The third line consists of different items (mostly buttons).
- The ShowTransactions button starts computing the transactions to be shown and presents these transactions to the user (see "The view form shows currently selected transaction instances" ).
- The Show Children selector influences the way how these are sorted in the view. For a detailed description see section "The transaction instance form" .
- The Histogram button shows a histogram of the selected transactions (see section "The histogram form" )
- The Statistics button shows a statistics summary of the selected transactions (see section "The statistics form" )
- The Correlate button correlates all parent/child transactions.
- The DeleteAll button does what its name applies, it deletes all information about your measurements (including user names, host names etc.) from the database on the web server. You should press this button when you're finished so that following tutorial users will not be confused by your measurement data.
The transaction instance form

Figure: The view form shows currently selected transaction instances
The transaction instance form is shown beyond the command form. It shows all selected transaction instances as a table, each row representing one transaction instance. The way this table looks like is influenced by the selected values in line two of the command form. "The view form shows currently selected transaction instances"
shows a few MySQL sample transactions from tutorial t5. The status column is coloured dependent on the status value, i.e. this is green in case of a GOOD, red in case of a FAILED and yellow in case of an ABORTED transaction.
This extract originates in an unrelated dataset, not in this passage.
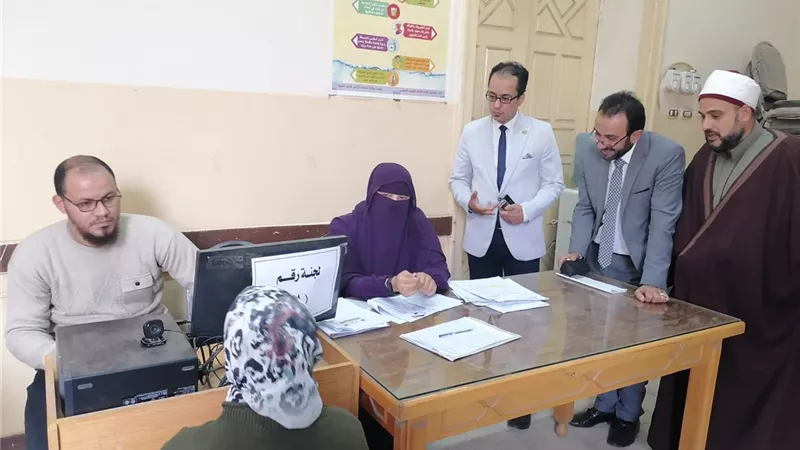 وفد قطاع المعاهد يتابع انتظام مسابقة الإمام الأكبربالشرقية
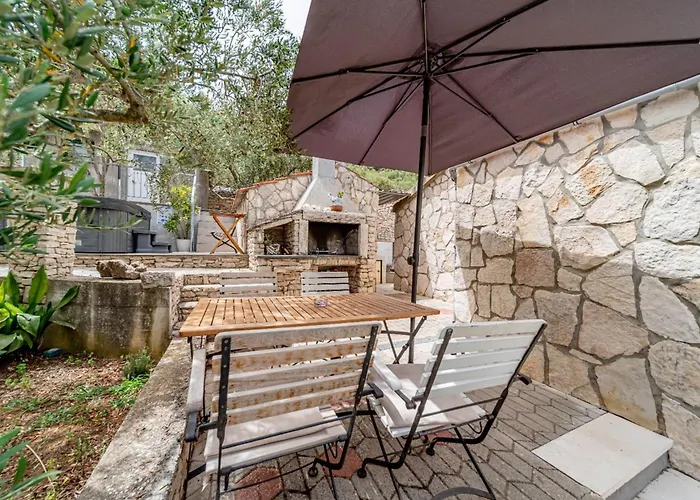 펜션 Stone House Blaca - Two Bedroom Stone House With Terrace And Sea View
The response time is the time between the start() and the respective stop() call of this transaction. The start time is the absolute time when this transaction was started (be aware that this is the time of the computer where the transaction was started and the time on different computers may differ).
The histogram form

Figure: The histogram form of the MyARM cgi interface
The histogram form creates a histogram of all transactions formerly selected via command form. In our example in "cgi_interface_histogram" all transaction instances from tutorial example t5 were selected. The y-coordinate shows the number of transactions while the x-coordinate divides the duration time into equidistant bins in the range from 0 (selected via MinRT selector) to 0.4 (selected via MaxRT selector) milliseconds (selected via RT Unit selector). The Bins editable field specifies the number of bins (here 10), the Height editable field specifies the height of each bin in pixels (here 300). The View Button creates a new view of the histogram with the actual values.
The statistics form

Figure: The statistics form of the MyARM cgi interface
The statistics form gives a short statistical overview of all transactions formerly selected via command form. These are shown as summary of all, GOOD, FAILED and ABORTED transactions per row. In our example in "figure statistics" only GOOD transactions were executed thus resulting in only two rows of all and GOOD transactions. Each row consists besides the Status (as described above) and the Count values of the following columns:
- Mean RT (ms) shows the mean duration time value of all selected transaction instances in milliseconds.
- Min RT (ms) shows the minimum duration time of all selected transaction instances in milliseconds.
- Max RT (ms) shows the maximum duration time of all selected transaction instances in milliseconds.
- The Median (ms) separates the transaction instances in two half's, one half with a duration time lower than the median and one half with a duration time higher than the median (all in milliseconds).
- The Variance is the average of the differences from the mean duration time of all transaction instances.
- The standard Deviation is calculated as the square root of the variance.